L'Arrancar ne pouvait toutefois pas en rester là. Dans les cieux, ses yeux scrutaient chaque possibilité afin d'en finir, mais de toute évidence, cet homme avait connu une métamorphose monumentale. Lui-même ne pouvait répondre que d'une façon simple mais efficace.

« — Resureccion : Segunda Etapa. »

À son tour, le Cuatro fut entouré par une forte dose d'énergie. Bazz-B et Rukia en furent d'ailleurs particulièrement impressionnés, d'autant plus que bien vite, son apparence changea également. Pour ce qui est d'Haschwalth, en revanche, aucun changement significatif dans l'expression de son visage.

« — Lanza del Relampago. »

Le puissant projectile fut envoyé, annonçant dans son sillage un désastre. Mais même cette promesse de destruction ne fit pas long feu : un rideau d'obscurité intense se forma autour du blond, le protégeant d'une impressionnante déflagration, qui éblouit largement les autres protagonistes aux alentours. Bazz-B recula sur plusieurs mètres, en se protégeant le visage, tandis que Rukia protégea comme elle le pouvait son amie blessée.

Le résultat tomba rapidement, et ne répondait pas aux espérances de l'assaillant, puisque cet homme n'avait pas la moindre égratignure.

« — Je suis missionné par mon Seigneur, pour changer ce monde. Ceux qui ne désirent pas obtempérer peuvent disparaître. »

Une explosion sombre. Tous les environs furent touchés, et Ulquiorra en premier : malgré ses pouvoirs renforcés par sa dernière transformation, l'Espada fut catapulté, à plusieurs dizaines de mètres. Bazz-B connut un sort similaire.

Rukia, elle, se trouvait à une distance raisonnable, et ne fut pas impactée directement. Cependant … la brunette ressentait clairement ce pouvoir. Un pouvoir défiant l'imagination … et particulièrement similaire au reiatsu dégagé par le vice-capitaine Alario, lorsque cette dernière usait des pouvoirs du Roi Démon …

« — C'est réellement … Kokuô Dakuryû … ? Mais je ne comprends pas … comment est-ce possible … ? »

Une nouvelle onde de choc. Celle-ci détruisit en grande partie le secteur. Cette fois-ci, la Shinigami n'y échapperait pas sans bouger. Prenant Inoue dans ses bras au quart de tour, Rukia utilisa un shunpô pour s'élever un peu dans les airs, tout en s'éloignant. Heureusement pour elle, le dernier assaut de cet homme concernait surtout le sol, la vice-capitaine et son acolyte furent donc toutes deux épargnées.

« — K… Kuchiki-san …

— Ne t'en fais pas, Inoue ! On va …

— Quitter cet endroit, je présume. »

Tout proche. Les grands yeux améthyste de la jeune femme s'emplirent d'une effroyable surprise. En une fraction de seconde, cet être ténébreux venait d'apparaître juste dans son dos, braquant sur elle ces yeux rouges annonciateurs du désespoir.

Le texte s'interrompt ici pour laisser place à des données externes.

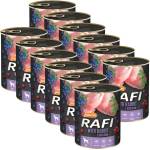 RAFI Рафі Възрастен GF Пате с Заек 12 x 800 г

« — J'ai justement besoin que vous ouvriez une brèche. Je dois voir une femme, là-haut. Le nom de Séria Alario doit vous dire quelque chose. »

Une once de folie, aussi bien dans le ton que dans les traits d'un visage, déformé par les ténèbres.

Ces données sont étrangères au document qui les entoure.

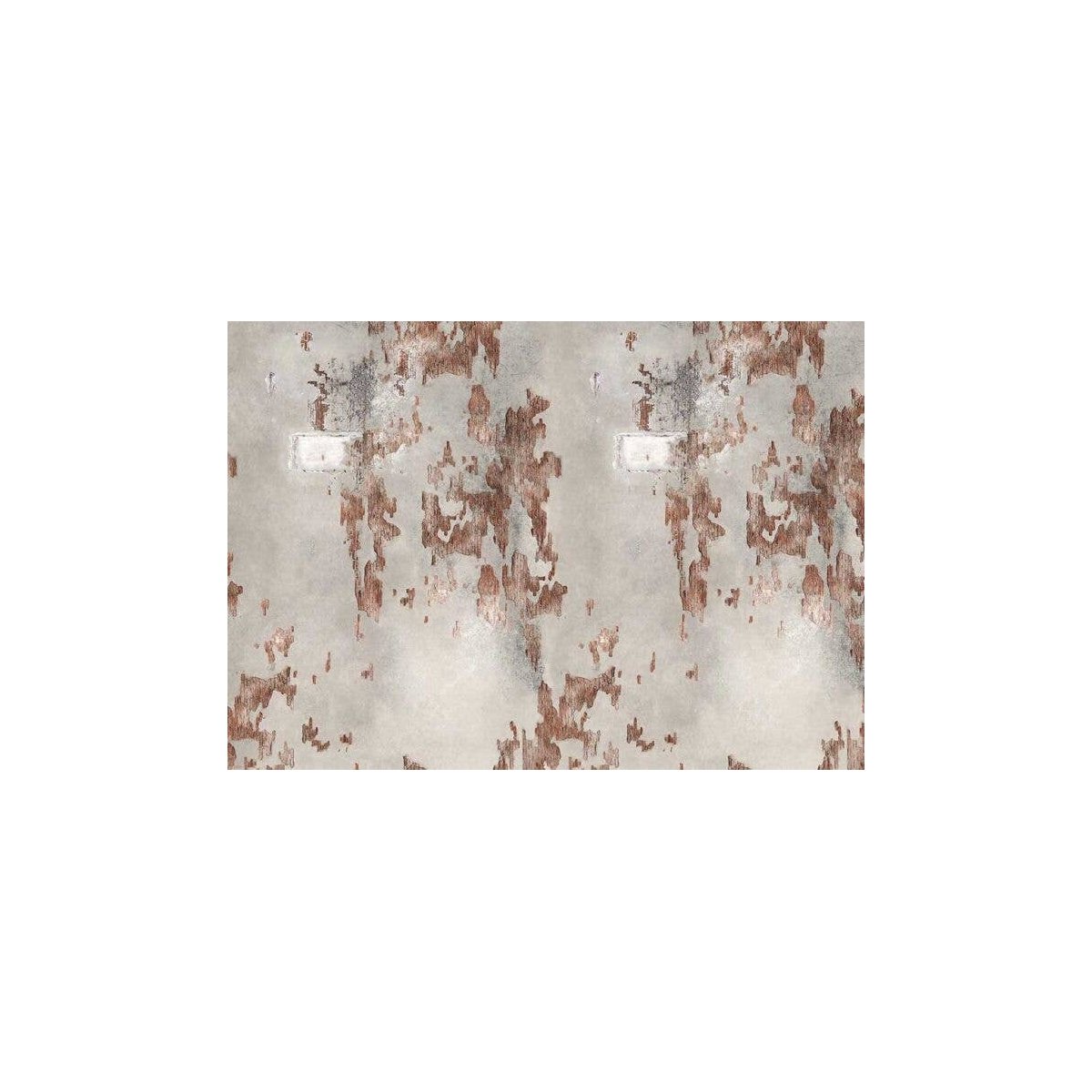 Matte-Look Weathered Cardstock Wall Sheet 2-Pack -- Weathered Brick Wall 8-1/4 x 5-13/16 x 1/3, HO, Busch Gmbh & Co Kg 7438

Dimension Royale — Navire de la Brigade d'Expédition.

Le navire chutait inexorablement. L'ordre d'évacuation venait de retentir, et tous les Shinigamis parvinrent à sortir de l'appareil, avant que ce dernier ne s'écrase sur le sol. Une large explosion retentit sur les terres de l'empire, annonçant la couleur d'une guerre qui allait faire des victimes. Séria Alario et Jushirô Ukitake se posèrent sur le sol, à quelques encablures de cette épave en feu. Épave sur laquelle se tenait fièrement leur ennemie, au milieu des flammes, jetant un regard condescendant à ses opposants.

« — Vous voilà bien mal tombés. Pendant que mes hommes anéantiront les vôtres, je m'occuperai de vous, articula la Générale, en soulevant son épée ténébreuse. Contre les Capitaines, je ne m'étais pas servie de mon sabre une fois les pouvoirs de mes démons absorbés … mais j'imagine que je vais devoir le faire ici. »

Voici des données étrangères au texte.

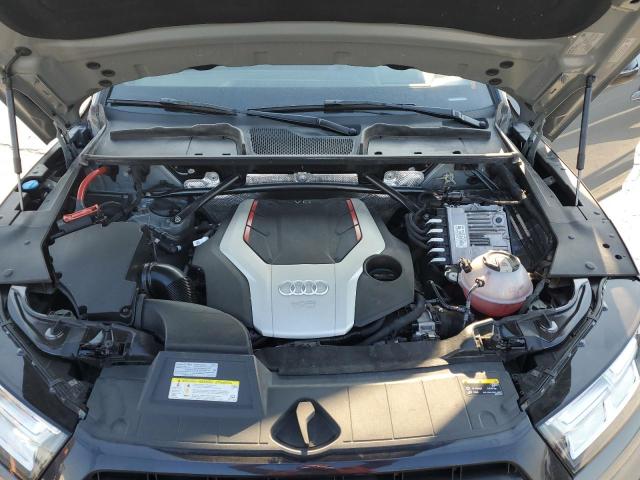 WA1C4AFY0K2069437 - 2019 AUDI SQ5 PRESTIGE GRAY photo 12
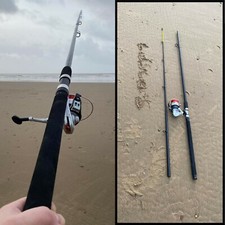 1 x 12FT BeachCaster MAX Sea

Yasuharu Takanashi — The Immortality of Tempester

En un éclair, Rân avait disparu. Tout du moins, s'était-elle lancée dans une attaque à une vitesse impressionnante. Trop même, pour Ukitake, qui ne parvint pas à la suivre des yeux. Il ne tarda d'ailleurs pas à en subir les conséquences : en plein thorax, le coup de pied de l'ennemie fit frémir son squelette tout entier, avant que lui-même ne soit propulsé à plusieurs mètres, laissant dans son sillage une trainée de sang macabre. La Générale pivota à l'instant suivant, et évita d'un petit saut, l'épée du Roi Démon, qui fissura grandement le sol.

« — Je te sens un peu perturbée, Séria Alario, sourit la légionnaire. Un peu d'aide ? »

Le grondement sourd du tonnerre, et l'éclat d'une foudre sombre répondirent eux-mêmes à la rhétorique de Rân, dans une déflagration plutôt impressionnante, repoussant inexorablement de nombreux débris et roches dans les environs. Un Kurazuma, en somme. Une des nombreuses techniques déployées par Kokuô Dakuryû. La Générale n'avait néanmoins pas été touchée par cette attaque, pour le plus grand déplaisir de son adversaire.

Séria, justement, cherchait à élaborer un plan rapide dans son esprit. Cette femme qu'elle affrontait possédait des capacités physiques hors-norme. Elle se déplaçait vite et frappait très fort … sans compter toutes les aptitudes liées à son contrôle des démons. Mais peu importe. Elle-même disposait du pouvoir suffisant pour l'annihiler. Rapidement, la Shinigami souleva son Zanpakutô, avant d'envisager son assaut.

Mais elle se stoppa. Brutalement, les yeux écarquillés. Une douleur profonde commençait à s'emparer de tout son être, tandis qu'un hurlement effroyable résonnait dans sa tête. Que … se passait-il … ? Des gouttes de sueurs perlèrent abondamment de son visage, empli par une once de terreur.

Cette soudaine période de trouble dura quelques secondes, mais ce laps de temps s'avérait amplement suffisant pour que son ennemie puisse en profiter. Un violent coup de pied frappa directement la Brigadière droit sur l'une de ses côtes, en l'expédiant au passage à une dizaine de mètres plus loin, dans un léger râle de douleur.

« — Je dois dire que je ne sais pas exactement ce qu'il se passe, ricana la Générale aux cheveux verts. Mais je ne suis pas très fair-play si les choses durent trop longtemps, tu m'excuseras. »

Une lueur sombre entoura son épée, avant qu'elle continue son avancée, à vive allure, dans le but d'éradiquer cette sombre menace. Son entreprise ne tarda néanmoins pas à être interrompue, par un autre déferlement de pouvoir, venant de sa gauche.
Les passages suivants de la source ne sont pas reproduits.